#### Your task
From the line with "Moneda Hobo de" through the line with "Duke Stardust Women", repeat the entries verbatim, both end lines included, and add nothing.

#### Data supplied
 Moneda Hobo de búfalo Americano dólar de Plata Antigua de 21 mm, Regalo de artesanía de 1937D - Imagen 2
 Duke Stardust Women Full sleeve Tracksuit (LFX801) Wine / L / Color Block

---

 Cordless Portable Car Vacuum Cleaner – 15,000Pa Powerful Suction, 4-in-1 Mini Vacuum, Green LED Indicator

#### Written answer
 Moneda Hobo de búfalo Americano dólar de Plata Antigua de 21 mm, Regalo de artesanía de 1937D - Imagen 2
 Duke Stardust Women Full sleeve Tracksuit (LFX801) Wine / L / Color Block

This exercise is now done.